Tuesday, 10 November 2009

Bad Ideas About Good Things

I found out today that Spielberg will not be remaking Oldboy with Will Smith. This is good news.


I had a conversation/argument with a friend about film. He argued that all movies should be made with *all audiences* in mind. To be fair, he was extrapolating from Tarantino's Inglourious Basterds, believing the movie to be both insulting to Germans and inaccessible to Anglos. But his point was that a filmmaker must keep in mind that diverse audiences around the world will likely see his film and said filmmaker must therefore make a movie to which all peoples can relate. I disagreed.

His argument brought to mind this one time I went to TIFF. My friends and I saw Mechanism.
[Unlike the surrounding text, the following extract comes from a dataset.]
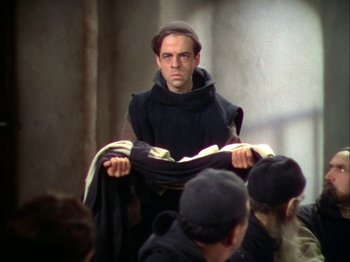 Movie still from “The Garden of Allah” (1936), directed by Richard Boleslawski – A man in a monk's outfit is holding a black cloth; Medium shot, Over the shoulder angle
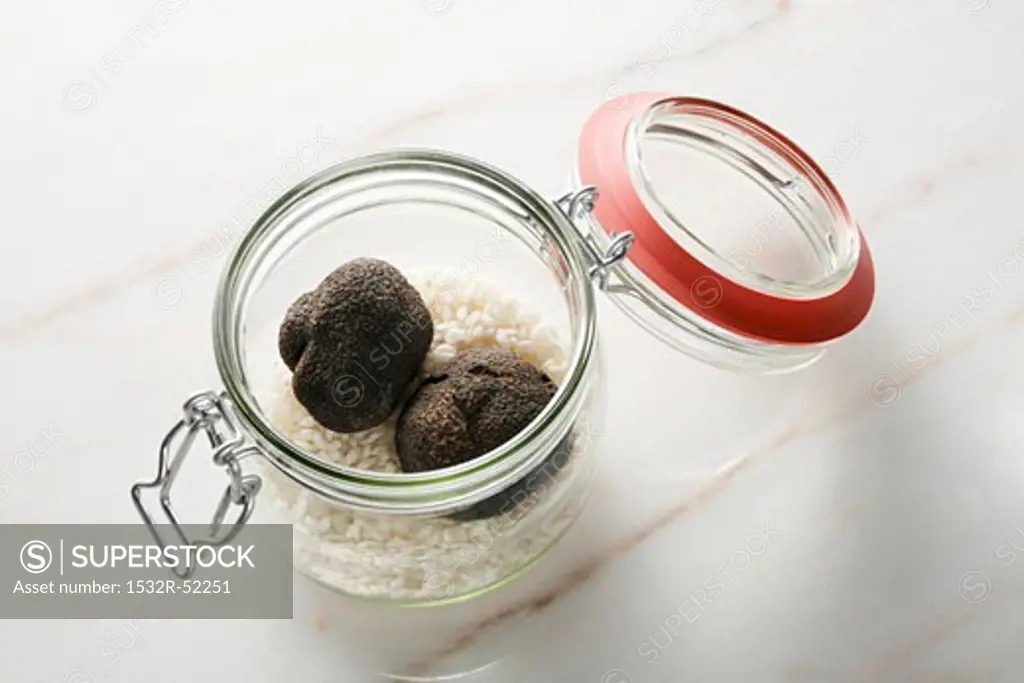 Black truffles and risotto rice in preserving jar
It's a great movie, very violent and painted a grim picture of Yugoslavia. The director was there for Q&A and this woman in the crowd stood up and denounced him and his film, telling him that as an artist, it was his responsibility to produce something beautiful and positive. In response the director said that, as a filmmaker, it is his responsibility to make movies. Nothing more.

Movies are made to be seen. That's a given. But most filmmakers are working within a particular culture, following a particular set of rules or values, and are, at times, circumscribed by particular directives within the film industry. All this is to say that a film made by country X is generally best understood by audience X. But that doesn't preclude the film from being shown in countries Y and Z--it's just the nature of the business.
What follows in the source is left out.